Congress created Fannie Mae and Freddie Mac, the No. 1 and No. 2 U.S. buyers and guarantors of home mortgages, to inject money into the home-loan market. They buy mortgages and bundle them into securities for sale to investors worldwide.
The director of the Office of Federal Housing Enterprise Oversight, which has been investigating Fannie Mae's accounting since last year, was testifying Wednesday before a House subcommittee on the company's new agreement with the agency to set up policies to prevent faulty bookkeeping and make governance changes.
Armando Falcon, a Democrat appointed by President Clinton, told President Bush in a letter Tuesday that he will step down on May 20. He submitted his resignation two years ago but stayed on to deal with problems at the companies.
Rep. Richard Baker, R-La., chairman of the House subcommittee that oversees Fannie Mae and Freddie Mac, proposed legislation that would strengthen the government's hand over them.
"The terrible troubles at Fannie Mae make it painfully clear that major reforms are necessary to strengthen regulatory oversight" of the two companies "to reduce the risks to taxpayers and investors, and to improve our commitment to serving America's homebuyers," Baker said at a news conference Tuesday.
In a departure from previous legislation, the Baker bill would create a regulatory agency to reduce the size of their multibillion-dollar portfolio holdings. The portfolios include home mortgages and other investments, some of which have been criticized as not comporting with the companies' mission to make homeownership more affordable.
Under the bill, the new agency could compel Fannie Mae and Freddie Mac to sell off any assets it deemed to be "not in the public interest."
Several other Republican lawmakers, including House Financial Services Committee Chairman Michael Oxley of Ohio and Rep. Christopher Shays of Connecticut, are co-sponsors of Baker's bill. In the Senate, Chuck Hagel, R-Neb., has put forward similar legislation.
Federal Reserve Chairman Alan Greenspan, whose views carry formidable weight with lawmakers, suggested in February that Congress consider placing limits on the two companies' massive portfolios. Greenspan said he did not see an immediate risk to the U.S. financial system from their holdings, but he said that could change.
Federal regulators last year accused Fannie Mae of serious accounting problems and earnings manipulation to meet Wall Street's quarterly targets. The Securities and Exchange Commission ordered the company to restate its earnings back to 2001, a correction that could reach an estimated $11 billion.

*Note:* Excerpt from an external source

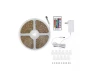 LED Strip Light — LED Strip Lights, EcoSmart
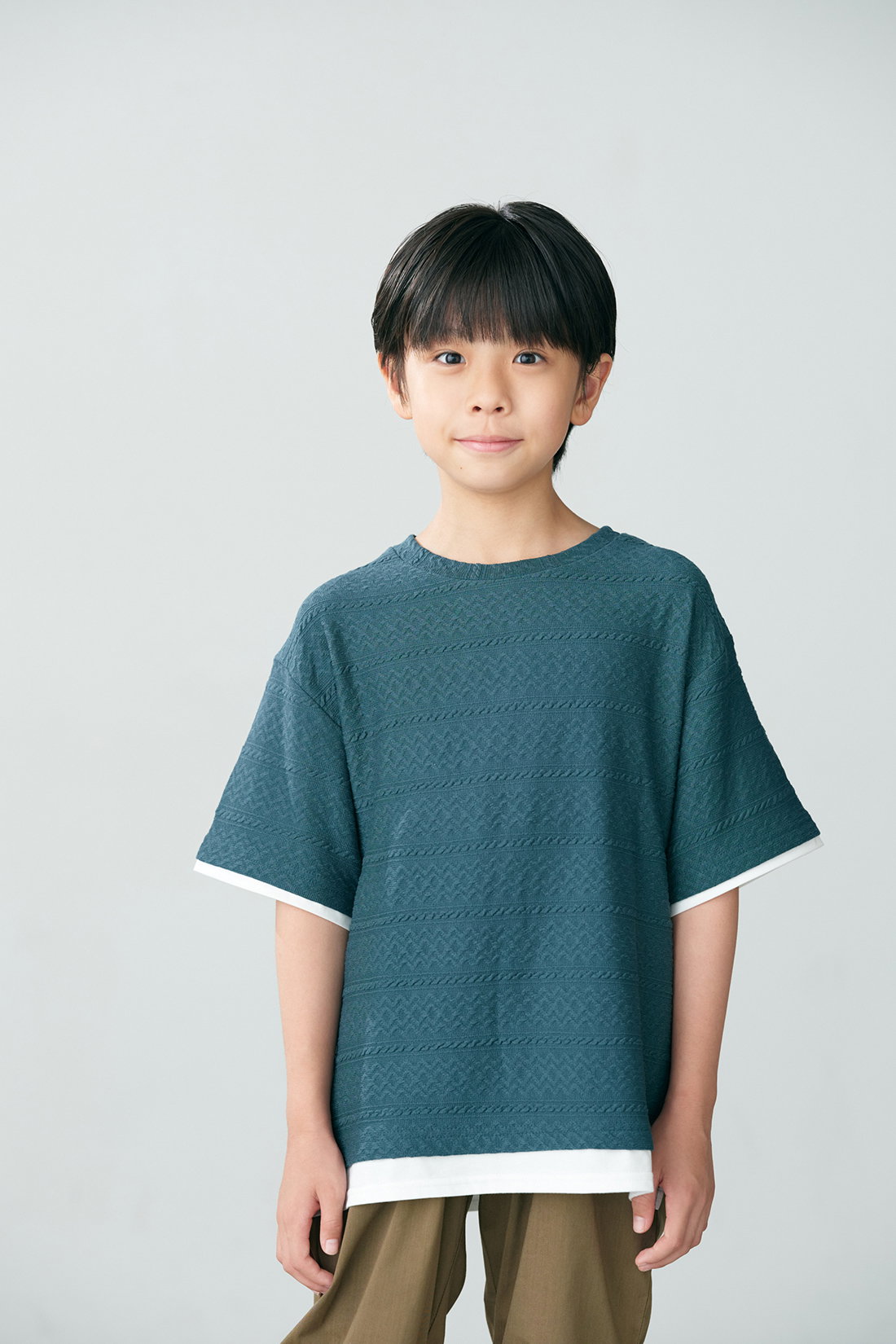 Minato Shougaki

Freddie Mac has emerged from an accounting debacle that became known in June 2003 with the ouster of three top executives and the disclosure that it misstated earnings by $5 billion for 2000-2002.
The two companies enjoy huge support in Congress. They have been generous contributors to lawmakers of both parties and have supported housing projects around the country.
House Democrats haven't signed on to Baker's bill.
Shays, like Baker a longtime critic of the two companies, said, "Politically, it's going to be a very tough bill to pass." Still, Shays said, he would have considered it impossible before now. "I'll take tough over impossible."